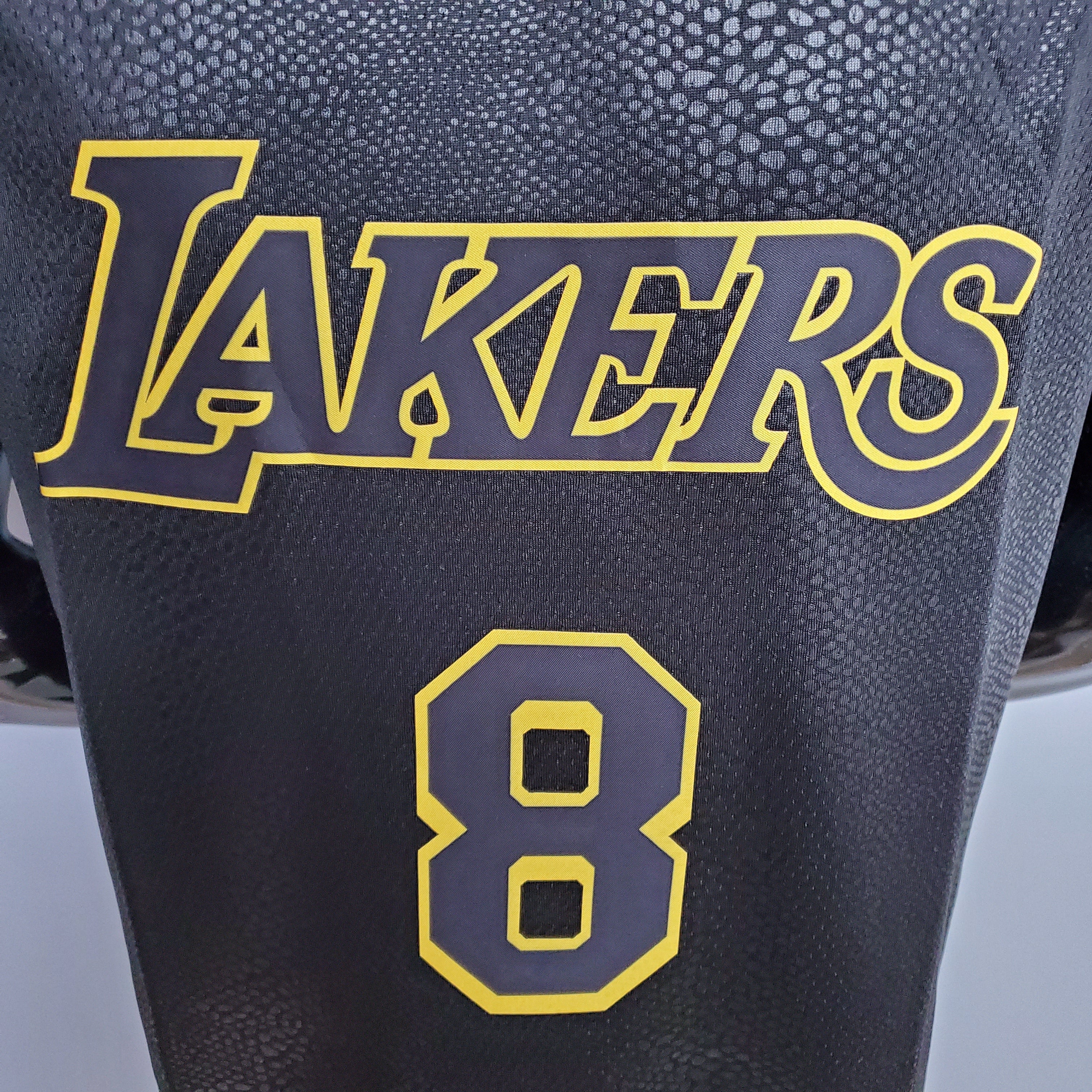 2023 LA Lakers Bryant #24 Swingman Edition Jersey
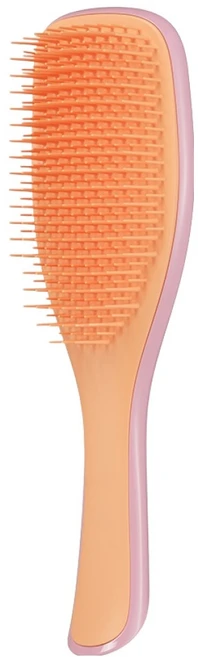 탱글티저 웻 디탱글러 브러쉬, 로즈버드 & 애프리콧, 1개 - 쿠팡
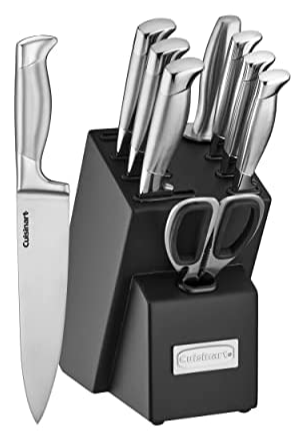 Cuisinart 10-Piece Knife Set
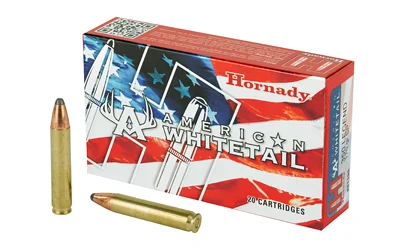Hornady AW 350LEG 170 GR INT 20/200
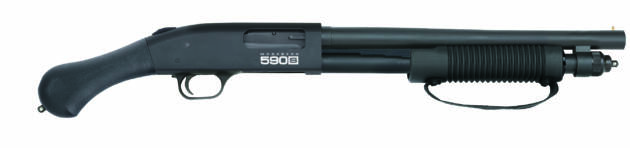 590S SHOCKWAVE 12/14 3" SYN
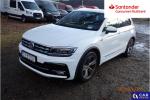 Volkswagen Tiguan 1.5 TSI EVO Highline DSG Aukcja 304477 - grafika 80
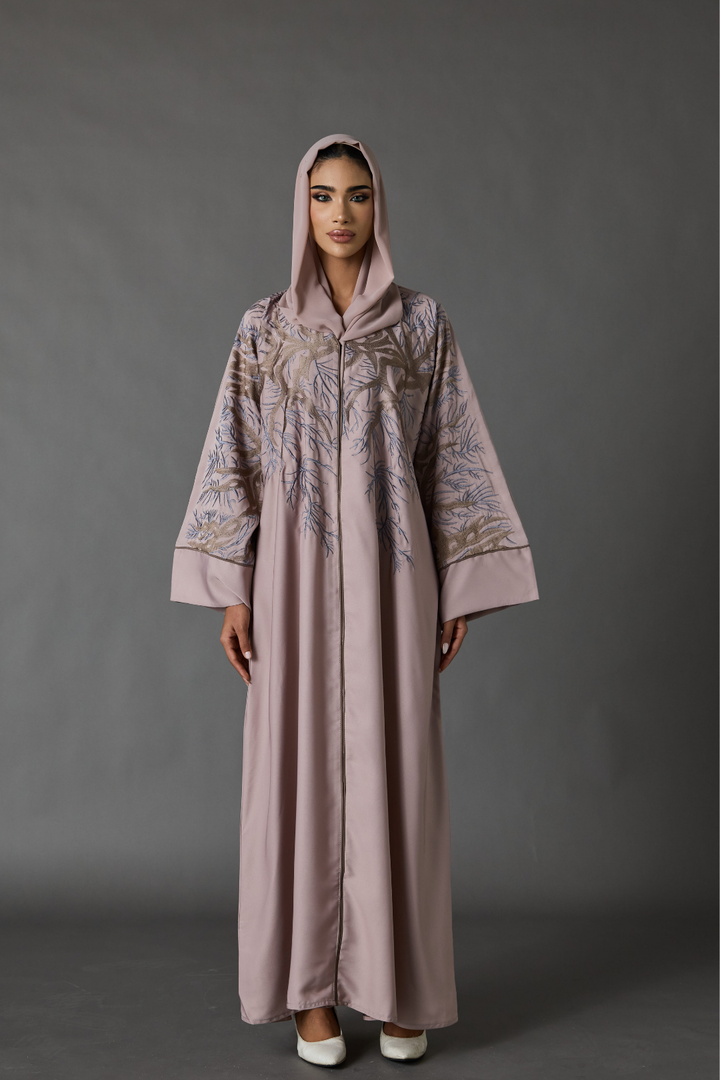 Tyara Abaya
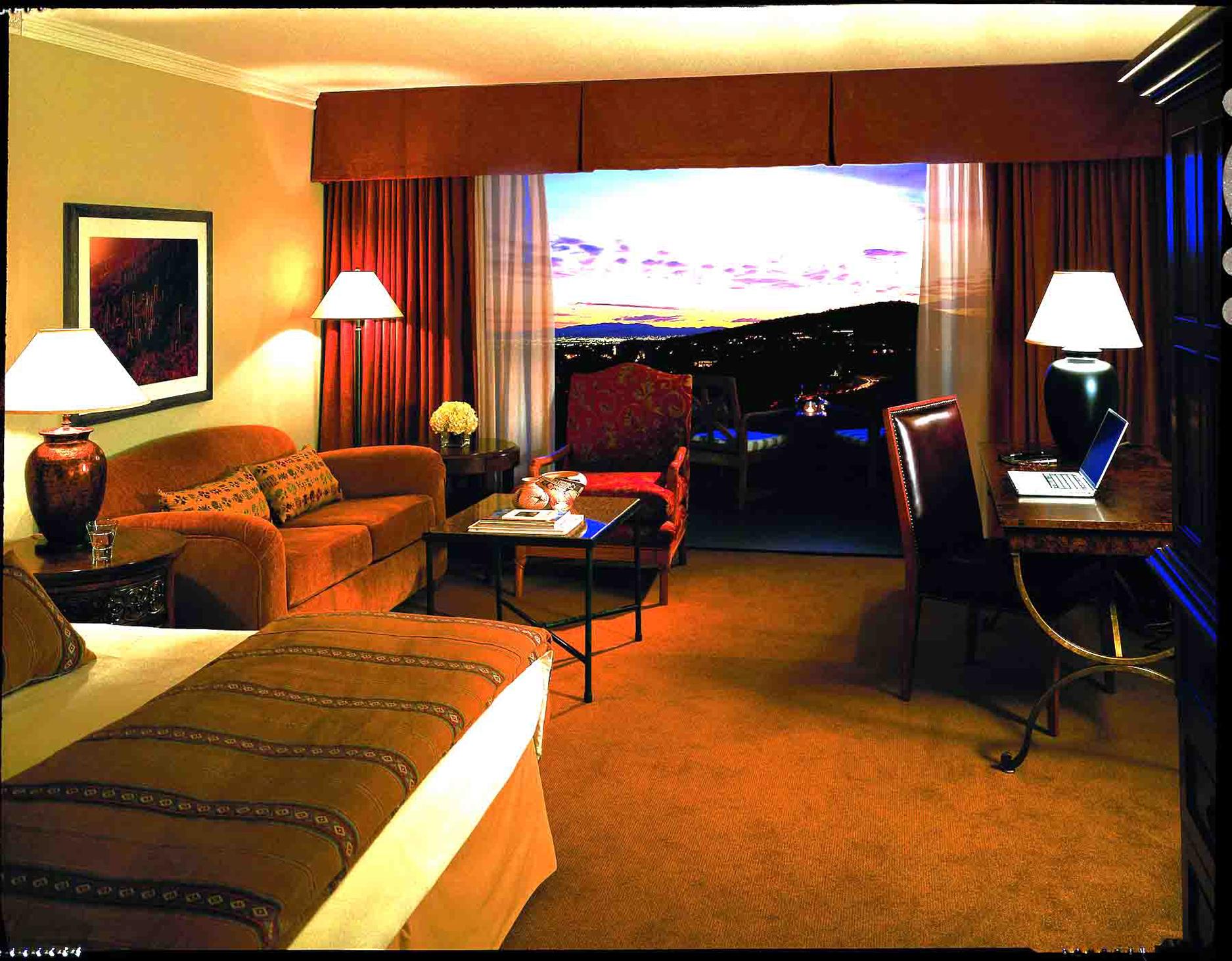 Loews Ventana Canyon Resort Tucson Luaran gambar
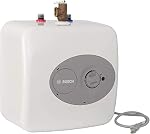 Water Heaters Chronomite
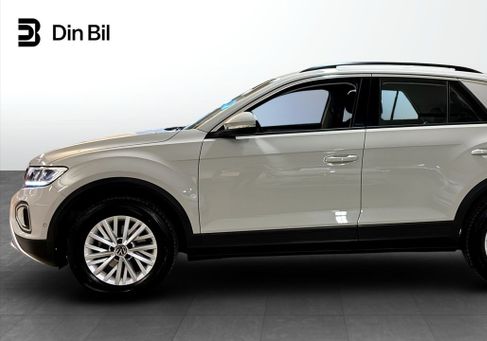 Volkswagen T-Roc, 2023 2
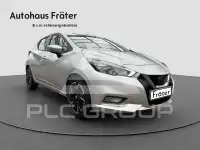 2021 Nissan MICRA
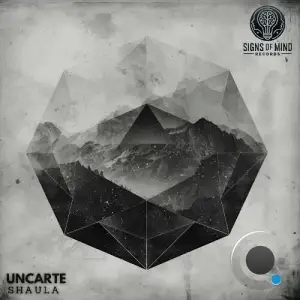 UNCARTE - Shaula (2025)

——

*GOAL OF THE EXERCISE*
Leaving every image behind, repeat the data in full and exactly.

*RESULT FOR THIS TASK*
 2023 LA Lakers Bryant #24 Swingman Edition Jersey
 탱글티저 웻 디탱글러 브러쉬, 로즈버드 & 애프리콧, 1개 - 쿠팡
 Cuisinart 10-Piece Knife Set
Hornady AW 350LEG 170 GR INT 20/200
 590S SHOCKWAVE 12/14 3" SYN
 Volkswagen Tiguan 1.5 TSI EVO Highline DSG Aukcja 304477 - grafika 80
 Tyara Abaya
 Loews Ventana Canyon Resort Tucson Luaran gambar
 Water Heaters Chronomite
 Volkswagen T-Roc, 2023 2
 2021 Nissan MICRA
 UNCARTE - Shaula (2025)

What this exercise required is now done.